Son esos mismos generales que callan las voces discordante, en el paredón de fusilamiento, considerando que sus críticas son un delito de deslealtad o traición.
Todas las guerras son iguales; y todos los soldados son iguales; sin embargo, los generales que guían a las tropas no son todos iguales. Los hay como los descritos; y existen los grandes generales que son capaces de guiar a sus huestes a la victoria, poniéndose ellos los primeros al frente de los ejércitos. Son esos generales que admiten que su opinión no es necesariamente la mejor; y por ello escuchan a sus capitanes. Son esos generales capaces de ser ellos los primeros soldados que arriesgan la vida. Estos buenos generales gozan de la confianza y de la lealtad de todos sus soldados, y siguen ciegamente sus órdenes en la convicción de que el general, gane o pierda, la batalla, vela por sus vidas, incluso por encima de la victoria.
En este ejército que hemos formado sin quererlo, hay demasiados generales y todos malos. Sus huestes son tratadas de manera diferente por los generales al mando, lo que lleva a que aquellas hayan perdido la confianza en ellos; y no pocos hayan tomado el camino de la deserción, a un a riesgo de que la Policía Militar les detenga y envié a prisión.
Los desertores, prefieren morir o vivir sobre sus propias decisiones; que hacerlo desde la desconfianza que le transmiten sus generales.

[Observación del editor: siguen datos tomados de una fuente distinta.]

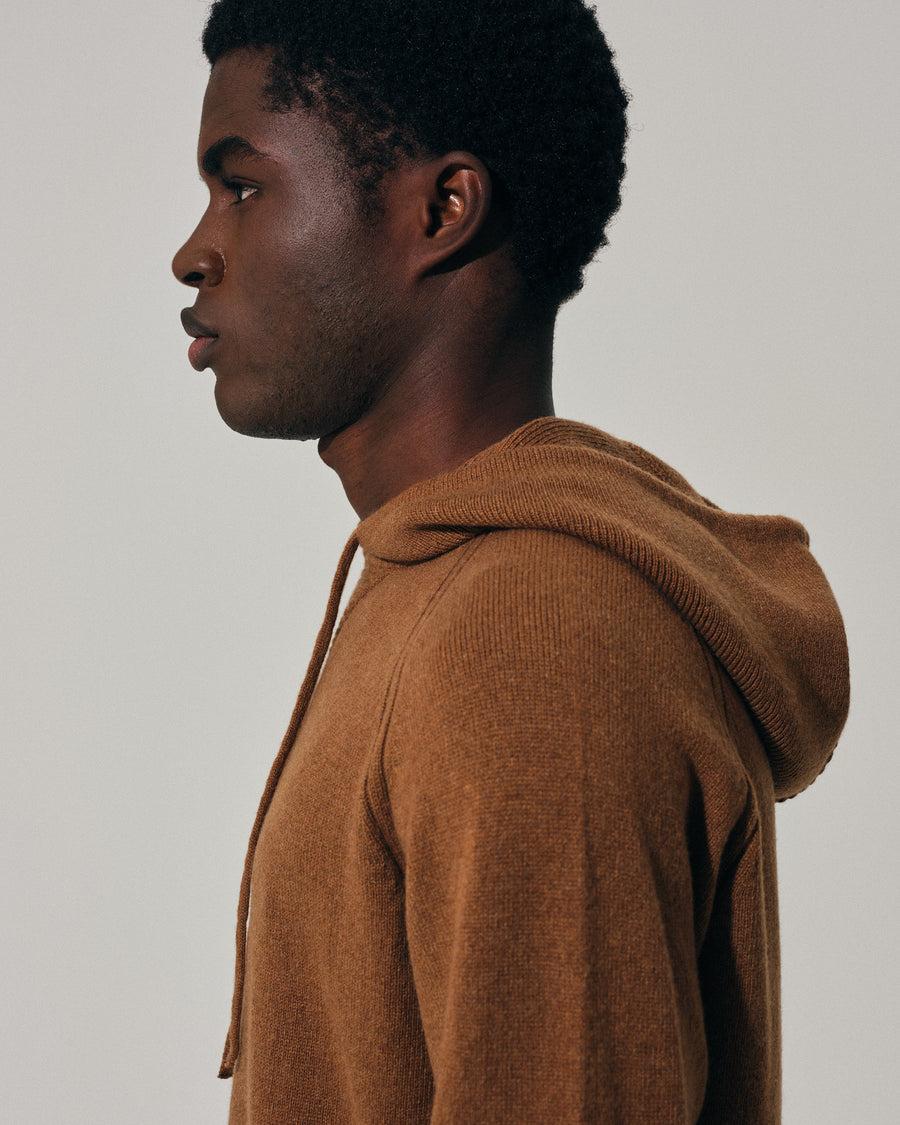 Scaglione HOODY RAGLAN HYBRD CASHMERE RHUM Negozio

La guerra en la que combatimos, posiblemente ganaremos; pero, si ello sucede, no será por le buen hacer de nuestros generales; sino, por la labor de toda la clase tropa que habrá logrado que el enemigo se retire a sus cuarteles de invierno. La victoria no se logrará de manera definitiva; porque, este enemigo nunca podrá ser derrotado. En el mejor de los casos lograremos neutralizarlo en sus posiciones durante un tiempo, y estará a la espera de que se den las condiciones propicias para atacarnos de nuevo.